In sum, the AChE binders derived from MC were categorized mostly as antiinsectants (e.g., patuletin and alpha-cardinal) due to their predicted toxic classes. It seems that structural amendment and stereoselective synthesis like adding sulphonate or sulphamate groups to these phytocompounds may make them more suitable candidates for considering in preclinical investigations of Alzheimer's disease.
桃金娘(MC)已在美索不达米亚医学中使用。在这里,研究了其甲醇提取物的胆碱酯酶(ChE)抑制潜力,并通过计算方法进行了剖析。
通过深度文本挖掘,从 ChemSpider、PubChem 和 ZINC 数据库中整理了 MC 的植物化合物(=配体)的结构,并将其对接入蛋白靶标 AChE(PDB 1EVE)和 BChE(PDB 1P0I)中,根据通常的 Ellman 比色法进行了初始准备,报告了结合亲和力(BA;kcal/mol)作为终点。通过 SwissADME(http://www.swissadme.ch/)和 admetSAR 软件从植物化合物中检索吸收,分布,代谢,排泄和毒性(ADMET)特征的计算,并预测药物样或铅样适应性。Toxtree v2.5.1,软件平台(http://toxtree.sourceforge.net/)用于预测植物化合物的毒性类别。使用 STITCH 平台(http://stitch.embl.de)预测 ChE-化学物质相互作用。

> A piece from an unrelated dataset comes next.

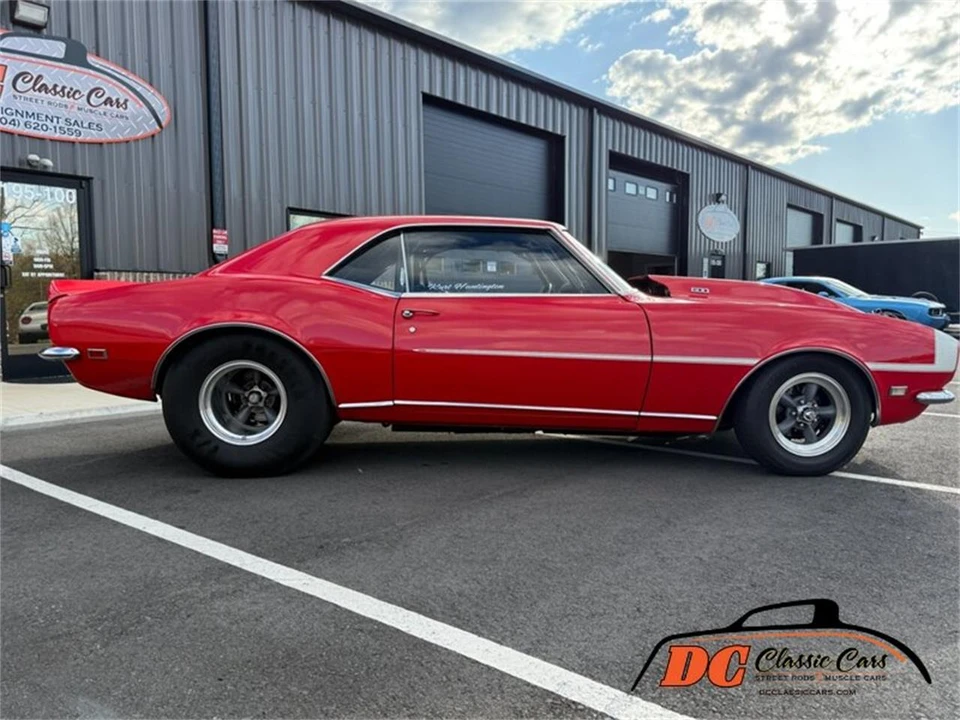 1968 Chevrolet Camaro SS 1st Gen - Image 8 of 31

与 eserine 相比,叶和浆果提取物对 AChE 的可能抑制活性分别为 37.33%和 70.00%,而叶和浆果 MC 提取物对 BChE 的抑制活性分别为 19.00%和 50.67%。MC 的植物化学物质对 AChE 的 BA 范围为-7.1(香芹酚)至-9.9(鞣花酸)kcal/mol。在这方面,α-侧柏烯,(Z)-γ-双环大根香叶烯和β-波旁烯是 AChE 的顶级低毒结合物,(Z)-γ-双环大根香叶烯是更具特异性的 AChE 结合物。α-贝壳杉醇,黄樟醚,葎草环氧二烯,(a)表没食子儿茶素没食子酸酯,鞣花酸,帕图林,杜松樟脑,丁香醛,香叶基邻氨基苯甲酸和蛇麻烯醇是高毒性(III 类)物质,其中帕图林和α-贝壳杉醇是更具特异性的 AChE 结合物。在中间类(II 类)有毒物质中,β-卡波烯是更具特异性的 AChE 结合物,而半甜橙酮和甜橙酮 A 是更具特异性的 BChE 结合物。
总的来说,源自 MC 的 AChE 结合物由于其预测的毒性类别而大多被归类为杀虫剂(例如,帕图林和α-卡德林)。似乎通过添加磺酸盐或磺酰胺基团等结构修饰和立体选择性合成,这些植物化合物可能更适合考虑在阿尔茨海默病的临床前研究中。